Ishaya also notes that Qateeni Gabbara focuses on the the theme of good and evil. In the end, selfishness, deceit, arrogance and cruelty toward the weak, presented in the form of the female demon Shidda, are defeated by the powers of mercy, courage and selfless love, portrayed by the national hero "Kateeni" (Ishaya notes that Daniel used that particular spelling for the hero's name). "In one way they are morality tales," she adds. "In another, they are a message of hope to an oppressed minority."
Daniel first came across the Qateeni Gabbara folktales in 1946. His profound impression of them led him to write an epic based on the Qateeni character, Odisho points out. Subsequently he used the core of these Assyrian folktales, emblished them with sylistic and poetic ingenuity, and artistically transformed them into a complete epic. "In the genre of epic poems," Ishaya says, "its poetic beauty is unparalled in the Middle East, and is in every way comparable to Greek masterpieces."
Khoshaba discovered the Qateeni Gabbara folktales and William Daniel's writing in his school years in Tehran through the Assyrian literature teacher Rabi Nimrod Simono. When he and his friend Sargon Ishoo left for America, Khoshaba recalls, they promised Simino they would never let the message of Qateeni Gabbara die. "Now twenty years later," says Khoshaba, "I have an opportunity to fulfill my promise.

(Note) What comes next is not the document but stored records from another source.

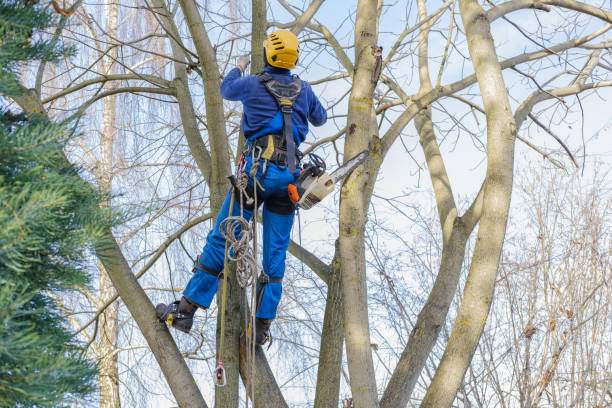 Best Hazardous Tree Removal  in French Lick, IN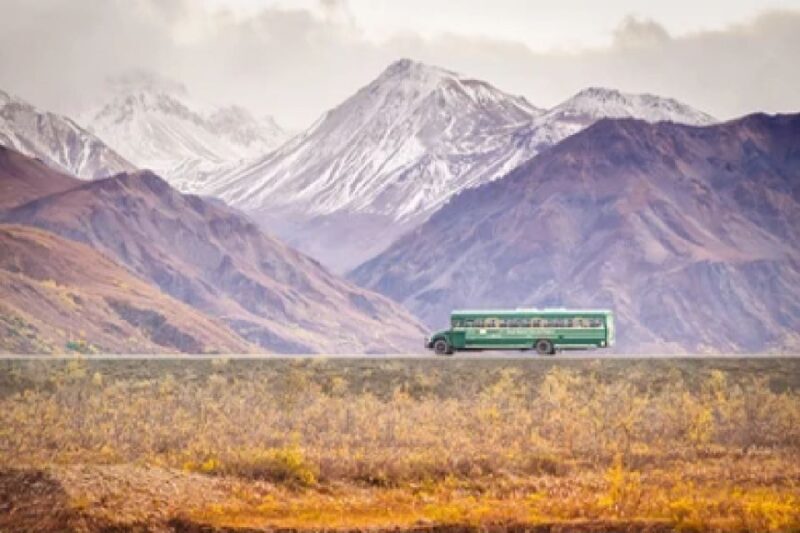 Alaska: Kenai Fjords & Denali National Park 5 Day Adventure - Good To Know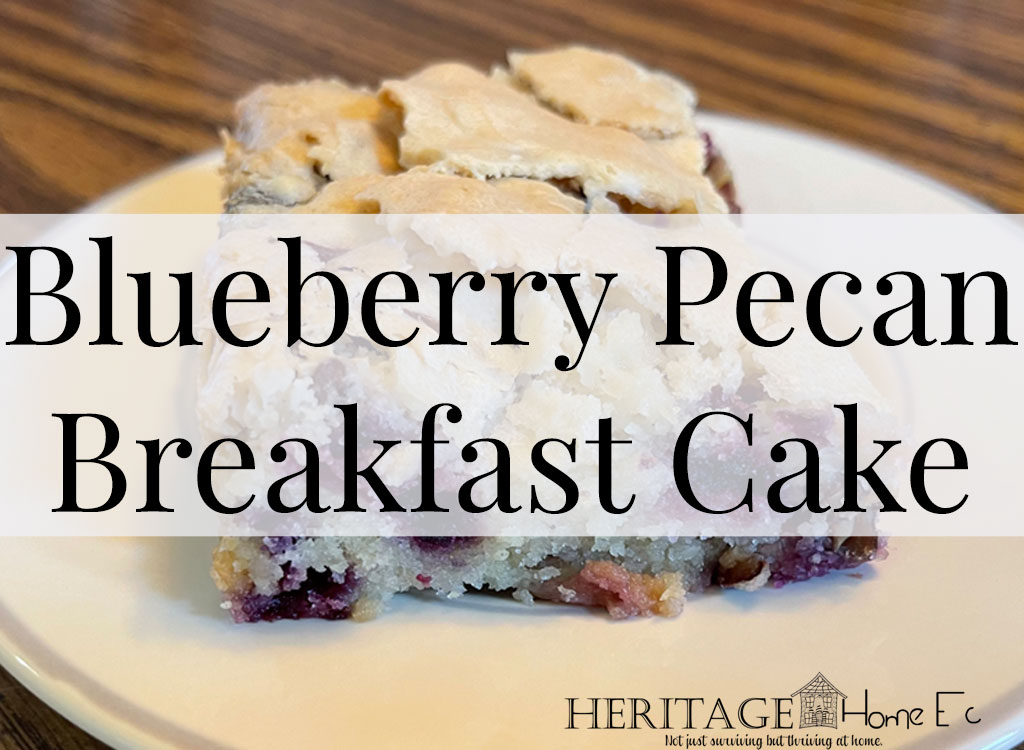 Blueberry Pecan Breakfast Cake- Heritage Home Ec Tired of the same old boring bowl of cold cereal? Glam up your breakfast by making a Blueberry Pecan Breakfast cake to feed your family. | Food | Baking | Breakfast | Homemade | Homemaking |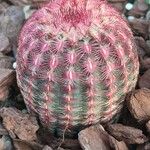 Echinocereus rigidissimusЦвят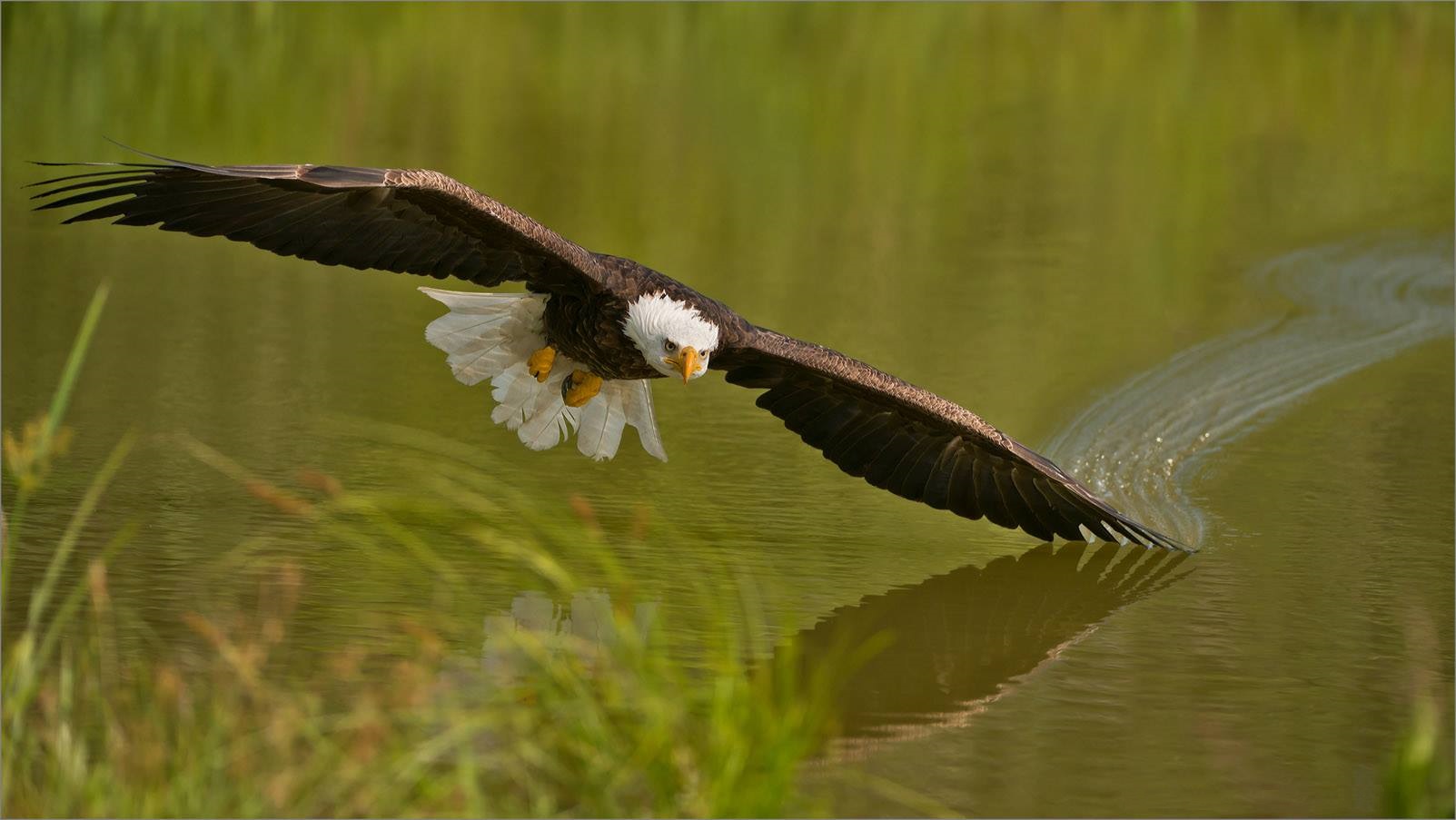Bald eagle glir over vann mens du jakter
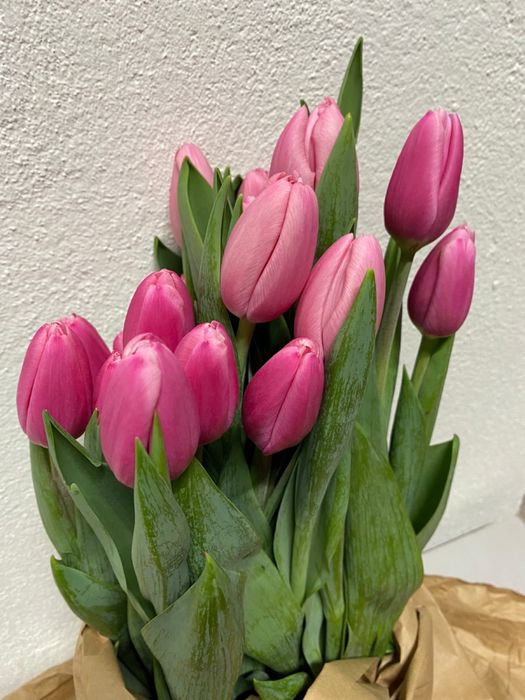 Тюльпан голландский оптом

I dedicate this effort to my late teacher Rabi Simono and my late friend Sargon Ishoo."
Khosaha a chose to begin the opera with Chapter 7 in Book I of the Epic of Gateeni Gabbara. In the chapter, the feudal warlord Malik Tuma — who is also Qateeni's uncle — challenges young men to destroy the demon Shidda. Ishaya's translation of Malik Tuma's challenge in the chapter reads: "Who is the brave, the bravest of the brave, the bravest of all times, who is not afraid to climb the high mountains, like an arrow soaring through the air, on Shidda's green meadows, and while she is in her slumber of 40 days, pick from the green plants to bring home a specimen that will give light to the blind and life to the dead?"
Here also Qateeni meets his uncle for the first time and accepts the challenge. This chapter is the story's core, explains Khoshaba, when Qateeni begins his quest to destroy Shidda. On the way, Qateeni encounters a large crowd that tries to prevent him from going against Shidda alone, including a woman who has lost her sons to Shidda, Ishaya notes in her translation of Scene III from the act. "This scene is a beautiful duet between Qateeni and the widow," she says, "and where Qateeni gives hope to the people." The scene ends with the choir of Shidda's captives and Qateeni's aria."

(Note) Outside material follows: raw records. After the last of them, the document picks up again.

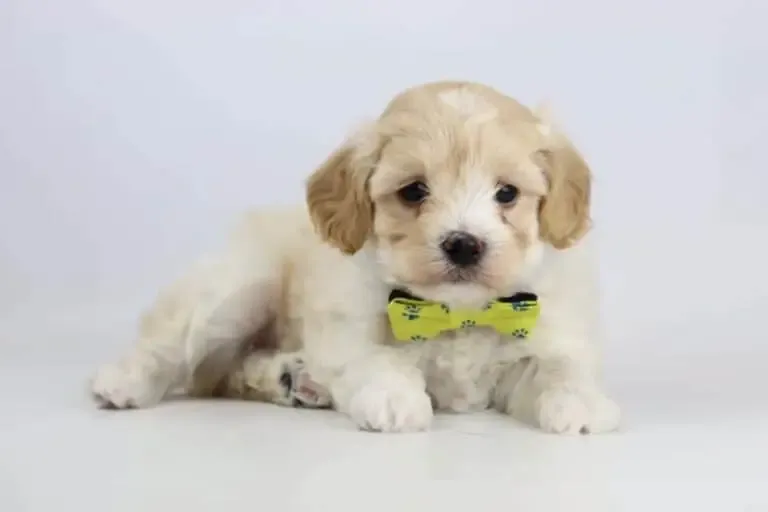 hond adopteren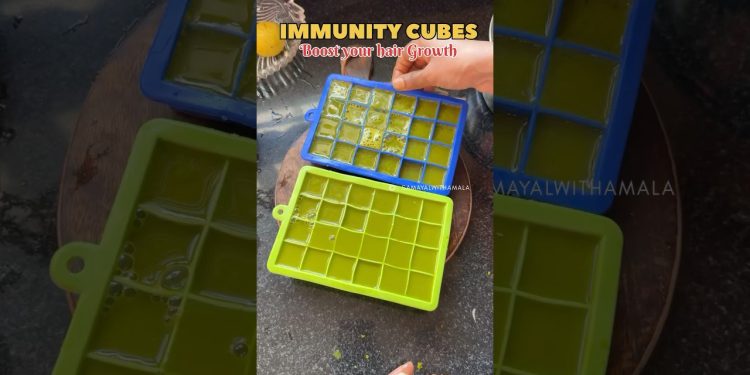 Immunity cubes | Amla freeze | healthy hair #samayalwithamala #immunitybooster #drink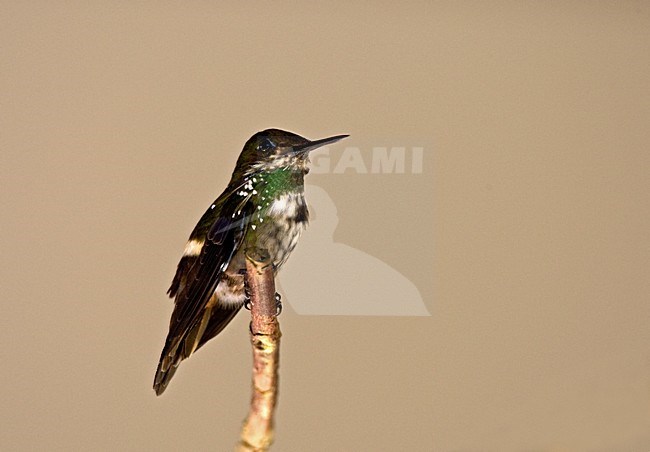 Gepluimde Koketkolibrie zittend, Festive Coquette perched stock-image by Agami/Roy de Haas,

Since Bosc does not speak Assyrian, one of the most important challenges he faced in writing the music was to grasp the heart and soul of the Assyrian language. "The relation between language and musical thought were different from the usual," he explains. "I had composed in Latin, Spanish, English, Italian and French, the languages I know." He studied Assyrian, and had the opera's text read to him. "We had special notations to help me with the Assyrian language," he goes on. "To free my imagination, I had to forget that it was not in my own language."
Although an Assyrian opera, Qateeni Gabbara is written in Bosc's own musical style. "Being honest is a promise of succes," he believes. "I wanted Qateeni to be become one of my masterpieces."
Perhaps it shall.
The vitality of our performing arts is another way of showing the world that even though the Assyrian empire fell in 612 B.C., the Assyrian people did not, and that our arts continue to flourish. All one has to do is to reach out for them. Qateeni Gabbara is worth the effort, because it says a lot about who we Assyrians are and where we come from. For me, an Assyrian, Qateeni Gabbara is one more nugget in the treasure of Assyrian performing arts of which to be proud.